A obra de Bronckart e Bota divide-se em duas partes: a primeira dedica-se a uma pesquisa sobre as sucessivas recepções no mundo ocidental (principalmente anglófono e francófono) dos escritos de Bakhtin, Voloshinov e Medvedev, comparando as diferentes reações que precederam e seguiram o anúncio da onipaternidade de Bakhtin, e desvelando suas contradições e incoerências. Esse panorama se completa pelo estudo dos depoimentos tardios fornecidos por Bakhtin pouco antes de sua morte. Numa segunda parte, Bronckart e Bota propõem um retorno aos escritos principais de Bakhtin, Voloshinov e Medvedev, visando, através de uma análise textual comparativa, a revelar as profundas divergências tanto formais quanto metodológicas e teóricas que distinguem essas três autorias, e ainda a demonstrar que o Dostoiévski resulta, ele mesmo, do trabalho de dois autores distintos. Se é impossível abarcar rigorosamente o conjunto de informações contidas nessa obra imponente (600 páginas)9, proporemos agora uma síntese necessariamente limitada das ideias importantes desse estudo.

A primeira parte do livro dedica-se então ao caso dos “textos disputados”, isto é, ao modo como a paternidade de Bakhtin sobre os três textos em questão foi anunciada e, em seguida, o mais amiúde, aceita, difundida e sustentada pelos pesquisadores ocidentais. O livro de Bronckart e Bota opera por arcos cronológicos complexos, comparando entre si as recepções dos textos posteriores e anteriores à eclosão do caso nos anos 1970, comparando também as biografias de Bakhtin escritas na década de 1980 a dados factuais provenientes de fontes mais tardias. Essas várias contextualizações comparadas trazem a lume as múltiplas e contraditórias argumentações que foram empregadas para provar a coerência e a importância da obra supostamente produzida por um autor único.

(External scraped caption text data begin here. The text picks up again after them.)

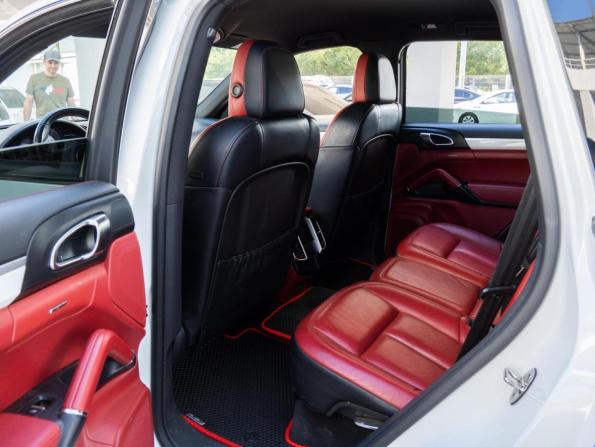 Porsche Cayenne II Рестайлинг (958) с пробегом 2014 года, цена 2 990 000 рублей, 164853 км, внедорожник, Автокод Объявления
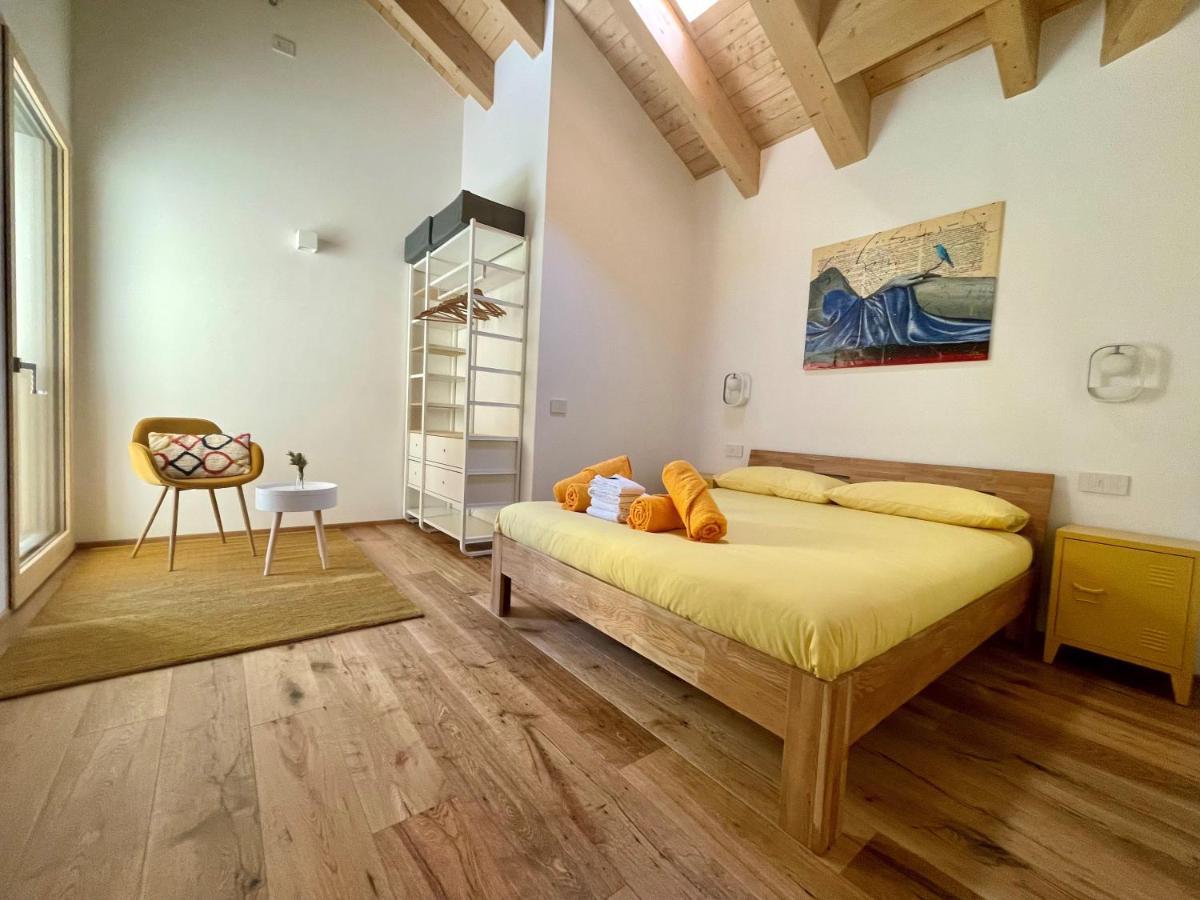 I Ciliegi Del Conte Premadio Exterior foto
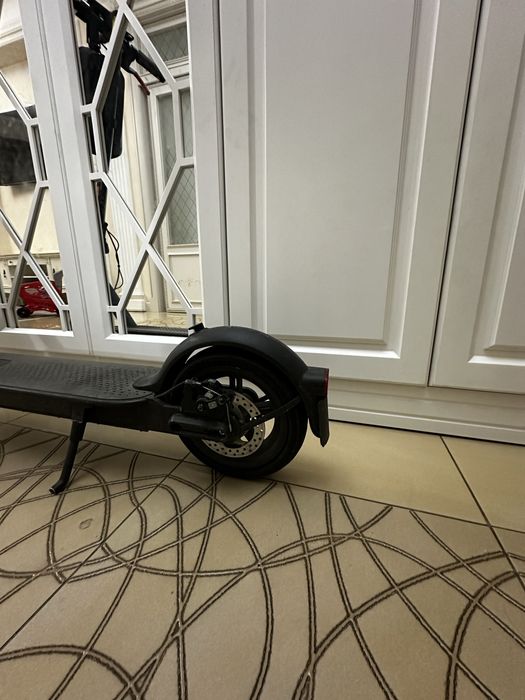 Электросамокат xiaomi essentials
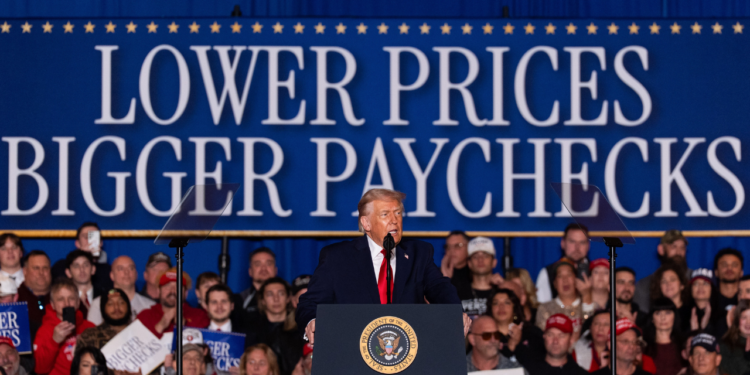 Izbori 2025. jačaju demokrate snažnom strategijom usmjerenom na gospodarstvo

O leitor francófono encontrará assim, notadamente, o relato da recepção dos textos do “Círculo” na França a partir da publicação, em 1977, de Marxismo e filosofia da linguagem, na tradução realizada por Marina Yaguello, prefaciada por Roman Jakobson e publicada sob o nome de Bakhtin. Bronckart e Bota se detêm particularmente sobre o livro de Tzvetan Todorov lançado em 1981, Le principe dialogique [O princípio dialógico], que contribuiu consideravelmente para popularizar na França os trabalhos de Voloshinov e Bakhtin, ao mesmo tempo naturalizando de fato a paternidade de Bakhtin sobre o conjunto desses textos, que se viam apresentados como um corpus único, graças, particularmente, a capítulos temáticos reunindo excertos oriundos de textos assinados por autores distintos.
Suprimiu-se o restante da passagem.